Senate to Hold Vote on Consumer Agency Director Next Week

By | May 16, 2013

U.S. Senate Democratic leaders plan to hold a vote next week on President Barack Obama’s choice to lead the Consumer Financial Protection Bureau, a Senate Democratic aide said on Wednesday, but they are not expected to muster enough votes to confirm him.

Republicans have bitterly opposed the nomination of Richard Cordray, who has been leading the consumer agency since January 2012 in a temporary position, and Democrats are not expected to gather the 60 votes that would be needed to overcome Republican objections.

Republicans have argued that before confirming Cordray, Democrats must first agree to change the consumer bureau, which they want to be run by a bipartisan commission rather than a single director.

They have also want more congressional oversight of the bureau’s budget.

Senate Majority Leader Harry Reid plans to try and clear the way for an official vote sometime next week, though exact timing is uncertain, said Reid’s spokesman Adam Jentleson.

He added that no deal had been made with Republicans to change the consumer bureau.

Republicans also are blocking several of Obama’s other nominees for top positions, angering the White House and congressional Democrats.

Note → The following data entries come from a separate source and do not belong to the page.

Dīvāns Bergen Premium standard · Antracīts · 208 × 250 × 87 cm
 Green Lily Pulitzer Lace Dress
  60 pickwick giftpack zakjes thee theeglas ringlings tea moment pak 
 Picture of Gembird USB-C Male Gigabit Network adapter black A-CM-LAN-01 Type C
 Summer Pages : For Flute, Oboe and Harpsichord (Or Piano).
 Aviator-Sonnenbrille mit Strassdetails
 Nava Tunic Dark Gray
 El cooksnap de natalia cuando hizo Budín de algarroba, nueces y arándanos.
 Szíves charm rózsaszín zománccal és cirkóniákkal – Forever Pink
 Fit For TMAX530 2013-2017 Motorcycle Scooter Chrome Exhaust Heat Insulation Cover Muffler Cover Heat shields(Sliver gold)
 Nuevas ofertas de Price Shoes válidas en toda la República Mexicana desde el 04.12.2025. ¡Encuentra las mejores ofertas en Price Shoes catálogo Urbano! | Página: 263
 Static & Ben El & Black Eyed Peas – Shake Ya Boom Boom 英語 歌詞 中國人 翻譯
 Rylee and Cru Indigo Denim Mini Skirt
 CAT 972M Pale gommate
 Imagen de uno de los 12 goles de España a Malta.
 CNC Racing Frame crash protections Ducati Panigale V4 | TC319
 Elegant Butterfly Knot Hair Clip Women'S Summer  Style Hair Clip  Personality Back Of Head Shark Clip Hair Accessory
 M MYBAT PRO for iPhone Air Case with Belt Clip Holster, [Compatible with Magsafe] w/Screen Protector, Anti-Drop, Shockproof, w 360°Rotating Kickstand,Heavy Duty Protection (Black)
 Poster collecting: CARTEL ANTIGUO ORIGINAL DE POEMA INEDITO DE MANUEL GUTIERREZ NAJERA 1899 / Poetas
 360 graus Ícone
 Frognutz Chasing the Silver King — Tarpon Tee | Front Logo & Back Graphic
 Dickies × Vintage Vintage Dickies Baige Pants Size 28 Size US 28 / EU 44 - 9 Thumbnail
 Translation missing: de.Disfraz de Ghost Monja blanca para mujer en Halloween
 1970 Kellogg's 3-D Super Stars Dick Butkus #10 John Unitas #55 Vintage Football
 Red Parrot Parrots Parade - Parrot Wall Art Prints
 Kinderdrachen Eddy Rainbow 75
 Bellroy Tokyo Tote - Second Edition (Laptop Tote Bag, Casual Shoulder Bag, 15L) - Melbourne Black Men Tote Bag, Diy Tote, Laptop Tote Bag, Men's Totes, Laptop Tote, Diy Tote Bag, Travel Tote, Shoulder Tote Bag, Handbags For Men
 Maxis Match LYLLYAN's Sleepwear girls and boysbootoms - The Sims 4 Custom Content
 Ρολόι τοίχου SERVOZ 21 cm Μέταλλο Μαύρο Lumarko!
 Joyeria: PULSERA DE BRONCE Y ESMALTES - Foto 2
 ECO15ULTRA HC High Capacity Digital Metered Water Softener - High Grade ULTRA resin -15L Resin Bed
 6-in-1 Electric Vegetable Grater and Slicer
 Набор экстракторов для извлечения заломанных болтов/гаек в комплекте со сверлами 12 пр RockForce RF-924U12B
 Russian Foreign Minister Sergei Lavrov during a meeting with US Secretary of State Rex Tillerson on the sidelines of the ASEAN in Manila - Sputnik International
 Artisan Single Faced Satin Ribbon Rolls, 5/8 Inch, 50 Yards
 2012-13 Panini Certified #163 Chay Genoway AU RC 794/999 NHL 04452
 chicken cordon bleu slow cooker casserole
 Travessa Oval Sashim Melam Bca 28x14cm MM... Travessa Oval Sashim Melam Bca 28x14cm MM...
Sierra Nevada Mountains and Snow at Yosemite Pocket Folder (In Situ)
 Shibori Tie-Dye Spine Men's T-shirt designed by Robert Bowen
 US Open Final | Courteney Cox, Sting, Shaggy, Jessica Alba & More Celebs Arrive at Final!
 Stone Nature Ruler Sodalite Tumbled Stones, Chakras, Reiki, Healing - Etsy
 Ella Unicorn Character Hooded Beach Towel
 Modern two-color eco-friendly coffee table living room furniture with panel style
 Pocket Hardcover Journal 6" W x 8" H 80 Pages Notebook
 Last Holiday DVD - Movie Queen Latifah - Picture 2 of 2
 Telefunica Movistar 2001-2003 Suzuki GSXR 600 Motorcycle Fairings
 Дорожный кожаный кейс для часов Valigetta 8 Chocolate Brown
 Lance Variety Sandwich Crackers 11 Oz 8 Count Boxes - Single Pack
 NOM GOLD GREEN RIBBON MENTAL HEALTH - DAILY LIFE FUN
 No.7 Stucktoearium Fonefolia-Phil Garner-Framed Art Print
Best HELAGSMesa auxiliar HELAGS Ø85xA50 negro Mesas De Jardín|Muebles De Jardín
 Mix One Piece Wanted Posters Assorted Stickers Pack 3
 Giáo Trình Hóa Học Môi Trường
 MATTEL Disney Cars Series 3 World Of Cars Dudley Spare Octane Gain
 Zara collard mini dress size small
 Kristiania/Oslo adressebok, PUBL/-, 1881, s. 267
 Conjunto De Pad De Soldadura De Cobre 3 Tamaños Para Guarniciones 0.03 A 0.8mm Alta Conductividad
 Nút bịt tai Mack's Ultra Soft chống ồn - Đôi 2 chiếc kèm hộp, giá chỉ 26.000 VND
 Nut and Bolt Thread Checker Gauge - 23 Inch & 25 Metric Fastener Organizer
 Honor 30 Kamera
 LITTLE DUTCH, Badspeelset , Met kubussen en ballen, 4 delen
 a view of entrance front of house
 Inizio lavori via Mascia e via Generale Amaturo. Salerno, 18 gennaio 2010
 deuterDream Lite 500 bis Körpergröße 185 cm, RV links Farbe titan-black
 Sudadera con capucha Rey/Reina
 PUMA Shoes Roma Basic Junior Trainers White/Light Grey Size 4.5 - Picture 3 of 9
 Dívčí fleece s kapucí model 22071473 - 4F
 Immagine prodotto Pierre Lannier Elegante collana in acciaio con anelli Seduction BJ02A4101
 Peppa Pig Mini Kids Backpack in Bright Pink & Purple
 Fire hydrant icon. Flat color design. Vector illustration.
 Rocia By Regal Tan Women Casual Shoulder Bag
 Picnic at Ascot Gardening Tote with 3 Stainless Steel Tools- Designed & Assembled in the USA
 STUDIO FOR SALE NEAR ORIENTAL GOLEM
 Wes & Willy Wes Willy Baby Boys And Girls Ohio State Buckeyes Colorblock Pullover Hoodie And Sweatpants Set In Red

When asked if Reid may consider making changes to Senate rules that require 60 votes to approve a nominee instead of a simple majority of the 100 senators, Jentleson said a rule change is possible, but the options are still being discussed.

Congress created the consumer bureau as part of the 2010 Dodd-Frank law. It is charged with overseeing mortgages, credit cards and other products to keep Americans from falling prey to financial scams.

But the financial industry argued that the new bureau’s authority was too broad and Republicans refused to confirm Obama’s initial choice as director, Elizabeth Warren, who is now a U.S. senator from Massachusetts.

Obama eventually gave Cordray the job on a temporary basis through a move known as a “recess appointment,” a procedural maneuver used to evade Senate confirmation.

In January of this year, he nominated Cordray for a full term.

Obama’s recess appointments to the National Labor Relations Board, made around at the same time that Cordray was appointed to lead the consumer bureau, were ruled invalid by a court this year.

Cordray was not directly involved in that court case, but the same argument could be applied to challenge his position, legal experts have said.